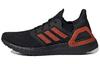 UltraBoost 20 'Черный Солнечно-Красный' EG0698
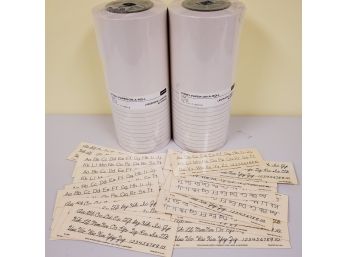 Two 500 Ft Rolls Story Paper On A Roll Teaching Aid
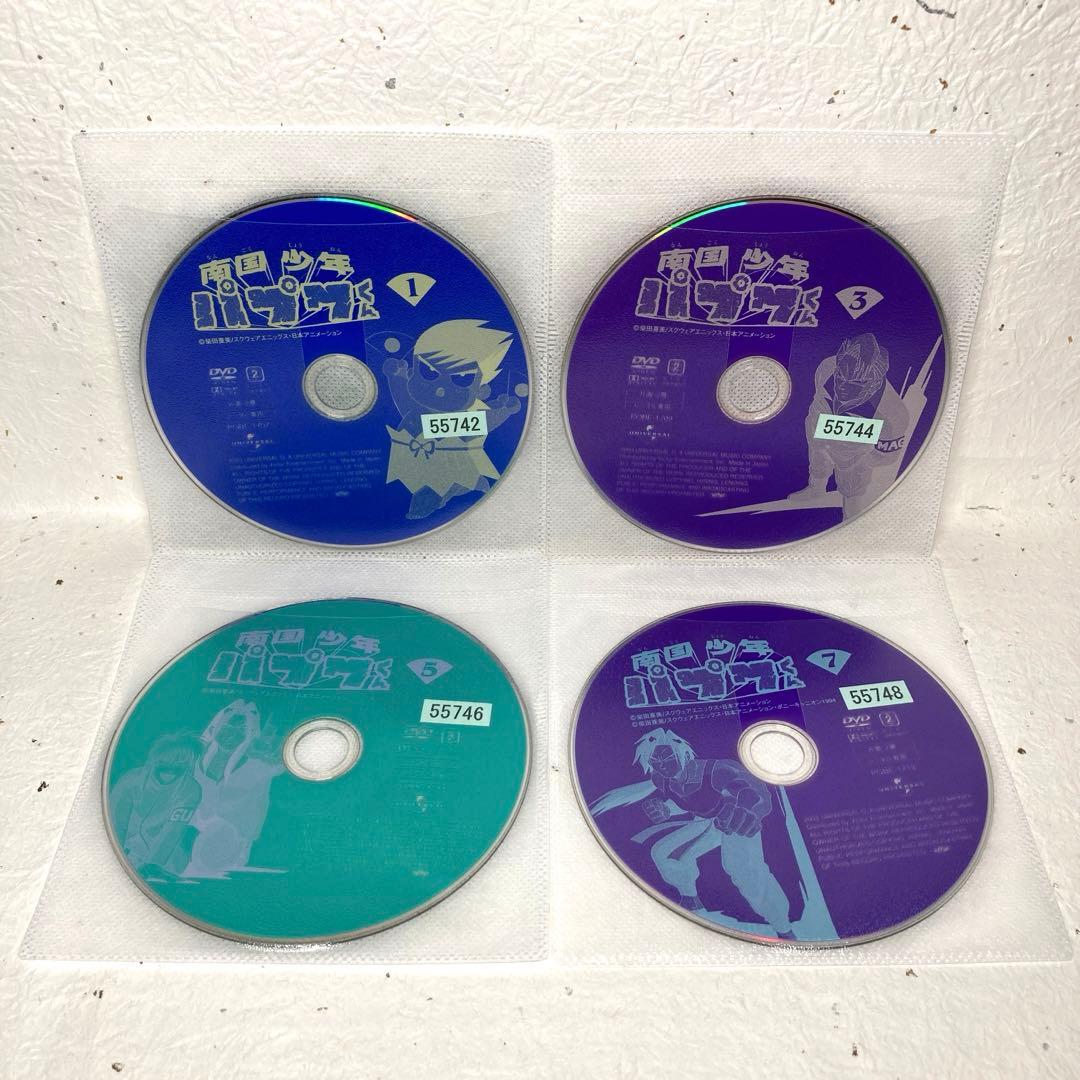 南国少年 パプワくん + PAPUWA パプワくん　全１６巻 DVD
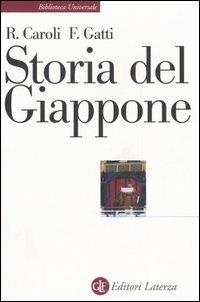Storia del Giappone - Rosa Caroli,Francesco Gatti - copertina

******************************

The copy must reproduce the listing above verbatim and contain no pictures.

● Response to the exercise:
 UltraBoost 20 'Черный Солнечно-Красный' EG0698
 Two 500 Ft Rolls Story Paper On A Roll Teaching Aid
 南国少年 パプワくん + PAPUWA パプワくん　全１６巻 DVD
Storia del Giappone - Rosa Caroli,Francesco Gatti - copertina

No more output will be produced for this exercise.